Link Posted: 9/27/2004 5:13:13 PM EST
Not in my opinion. I have three older cars all bought used with significant miles on them. I switched all three to synthetic and I really like it for the peace of mind. Only one of the three cars loses some oil (about a quart) between changes and that oil is being burned.

GunLvr
Link Posted: 9/27/2004 5:19:21 PM EST
I prefer to use synthetic because I can never seem to hold to a 3-5K change schedule. I always end up closer to 7-8K interval. For that reason, I enjoy knowing I'm not driving on broken down oil. If you can be disciplined about your change interval, you can live with conventional.
Link Posted: 9/27/2004 5:20:46 PM EST
[Last Edit: 9/27/2004 5:22:39 PM EST by angry_walkin_dude]

Originally Posted By cyanide:

Originally Posted By angry_walkin_dude:
My oil pressure is higher when I use Mobil 1. It's good shit.



And you explain that how since it has better (easier) flow rates ???


"Who knows how a posi-track on a Plymouth works......it just does!"

It's higher because the little orange needle inside of my AutoMeter oil pressure gauge says so.



Maybe this happened. I don't know why the pressure is higher, it just is.





"I am considering replacing the mineral oil in my engine with a synthetic oil. The engine has 50,000 miles on it. I have heard that the mineral oil and synthetic oil are compatible. Is this true?"

Generally, the reference to synthetic oil for an engine, means a lubricant is formulated with a polyalphaolefin (PAO) base oil. PAO, which is often called synthesized hydrocarbon, is pure and is compatible with mineral base oils.

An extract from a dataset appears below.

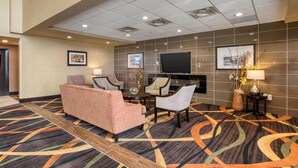 A hotel lobby with a seating area, a flat-screen TV, and a patterned carpet. - Best Western Plus Fox Creek (Fox Creek)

However, because the PAO base oil does not dissolve additives effectively, it is usually formulated with an ester co-base (usually di-ester and/or polyol ester). The additives are soluble with the ester and the ester is soluble with the PAO.

Likewise, the PAO tends to cause seal shrinkage and the ester causes seal swelling, so the effects are offset when both base oils are present. It is the ester that can cause problems when one changes from mineral to synthetic. Ester base oil used alongside PAO base oil in lubricant formulation has excellent natural detergency. In other words, it will clean up varnish on component surfaces as a result of thermal and oxidative degradation of the lubricant. When one switches from a typical mineral-based engine oil to a typical synthetic-based oil, the varnish layer will be removed by the ester in the synthetic oil and become suspended.

This suspended material can rapidly clog filters and can block oil flow passageways and lead to component starvation. The same is true for gearboxes and other industrial machines. So think twice about switching to synthetic oils in applications where the engine or other machine has been operating for some time with mineral oils. If you decide to make the switch, try to clean the system before making the change, then monitor it carefully once you start it up.